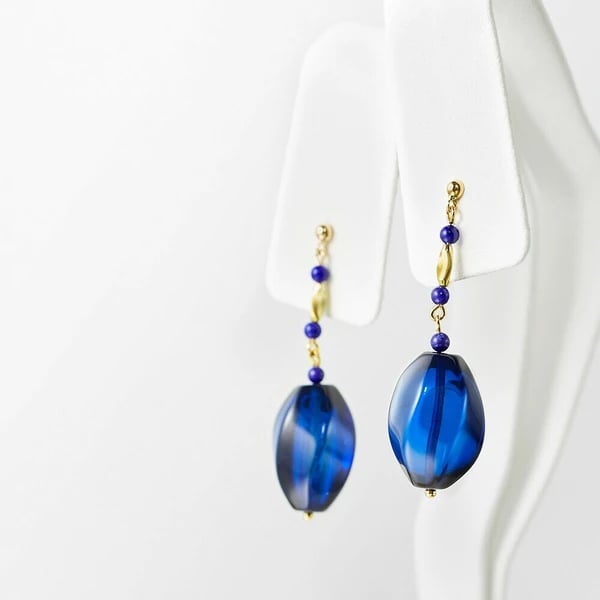 Blue sapphire amber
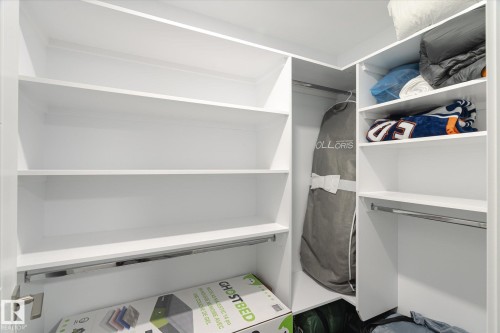 1720 35 Street, Edmonton, AB - Indoor With Storage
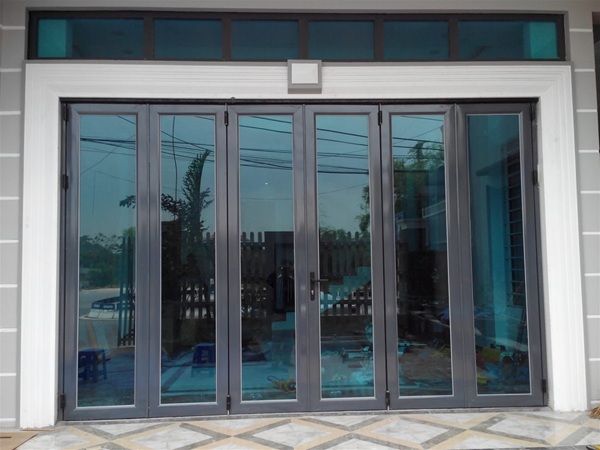 Mẫu đi mở quay 4 cánh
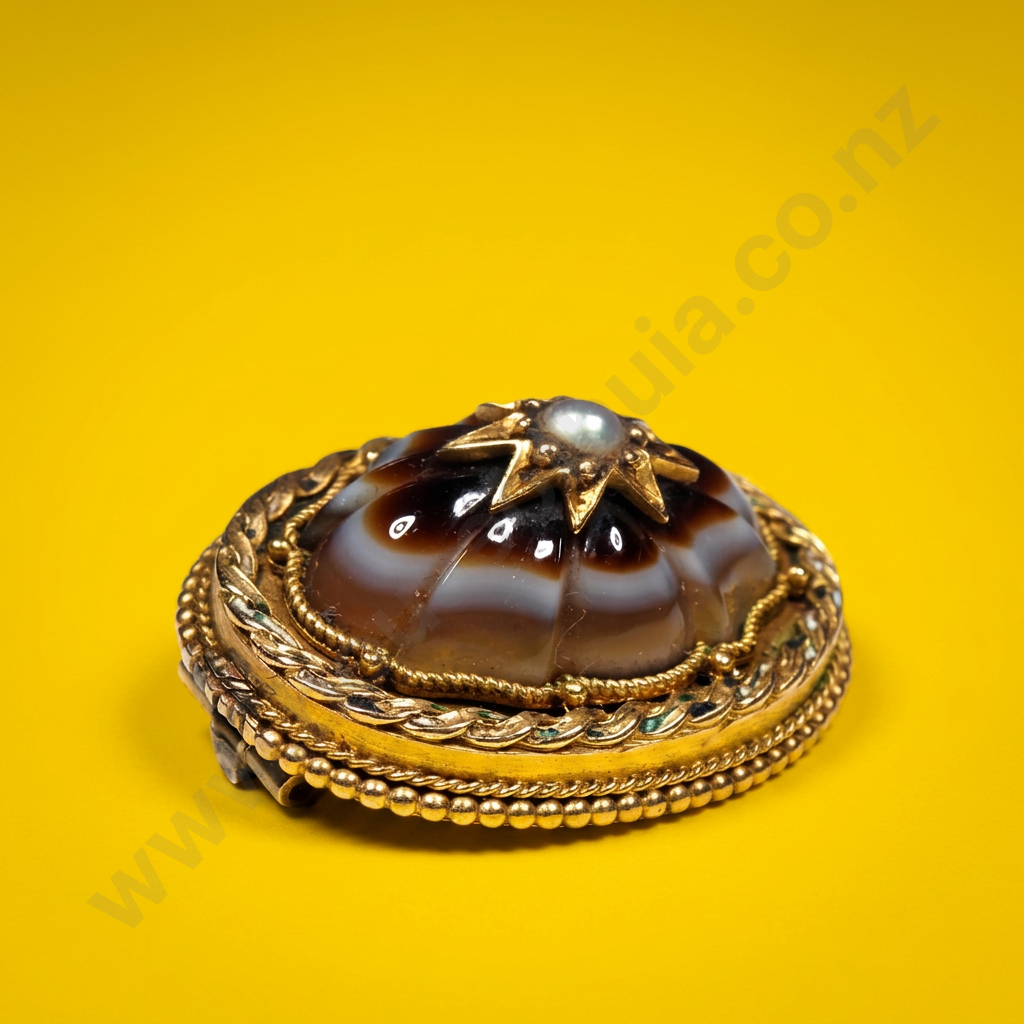 Antique 15ct Gold & Agate Bulls Eye Brooch Image 1++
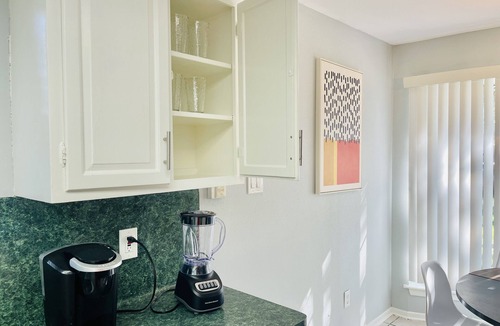 Sharpstown House | Entire 3 bedroom Classic style Home in the Heart of Houston TX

> **Assignment**: Repeat exactly the line containing "Antique 15ct Gold" and every line after it through the end of the records, and nothing else. Leave the pictures out.

> **Answer**:
 Antique 15ct Gold & Agate Bulls Eye Brooch Image 1++
 Sharpstown House | Entire 3 bedroom Classic style Home in the Heart of Houston TX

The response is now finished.